Design for accessibility: Can this homework be completed without internet access? Without a parent's help? Without specific materials students may not have at home? If not, reconsider the design or provide the materials.

Be thoughtful about grading it: Grading completion of homework that students may have completed with parents' help, copied from peers, or done under duress doesn't reflect learning. If homework is practice, assess its learning outcomes on in-class tasks rather than grading the homework itself.

LessonDraft helps teachers design homework that connects to lesson objectives and is appropriately scoped — so the take-home work actually builds on the classroom learning rather than introducing new territory or duplicating what was already practiced in class.

Your Next Step

Audit the last week's homework you assigned: what was the purpose of each assignment? Did it require practice on things students understood? Was it accessible to all students regardless of home circumstances? Would the learning outcomes be better assessed by an in-class task? Most teachers find that this audit reveals one or two assignments that were busywork — and a few that were genuinely purposeful. Start by eliminating the busywork. The remaining homework will be better for students and easier to manage for you.

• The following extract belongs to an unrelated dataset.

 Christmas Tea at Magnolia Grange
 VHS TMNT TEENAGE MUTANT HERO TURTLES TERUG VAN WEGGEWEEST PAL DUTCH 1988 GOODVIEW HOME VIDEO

Frequently Asked Questions

Should I count homework for grades?
Grading homework is one of the more contested practices in assessment research, for several reasons. First, homework grades are confounded by home circumstances — students with more homework support from parents or tutors may produce higher-quality homework regardless of their own understanding. Second, homework completion grades can significantly distort a course grade in ways that don't reflect learning: a student who never does homework but demonstrates mastery on tests may receive a failing course grade despite having learned everything. Third, for students who copy homework, homework grades actively misrepresent their understanding. If you grade homework, consider weighting it minimally and separating it clearly from mastery-based grades. If your purpose is to create accountability for practice, consider completion-only grading (done/not done) rather than quality grading, which creates other problems.
How do I handle students who consistently don't do homework?
Start by understanding why. 'Not doing homework' can reflect many different situations: no time at home due to family circumstances, no space or materials, not understanding what was assigned, not understanding the content, not seeing the point, or chronic executive function challenges. Before consequences, investigate. A brief private conversation — 'I've noticed homework isn't coming in; can you help me understand what's happening?' — usually surfaces the actual issue faster than any intervention. If the barrier is circumstance-based (no quiet space, no internet), address it structurally: homework time during lunch, a library pass, a modified expectation. If the barrier is understanding, address the content gap. If the barrier is motivation, explore whether the homework is meaningful enough to warrant the effort it requires.
What's the research on reading homework specifically?
Reading homework has stronger research support than homework in other domains, particularly at the elementary level where homework otherwise shows little academic benefit. Independent reading volume is one of the strongest predictors of vocabulary development and reading comprehension growth, and most of that reading needs to happen outside school hours given limited class time. The caveat: independent reading homework is most effective when students have access to books they find genuinely engaging and when reading time at home is actually available. Assigning independent reading homework to students who don't have books at home, whose home environment doesn't support quiet reading, or who are expected to read texts well above their independent reading level produces compliance problems without the learning benefit. Book access and appropriate level are critical design conditions.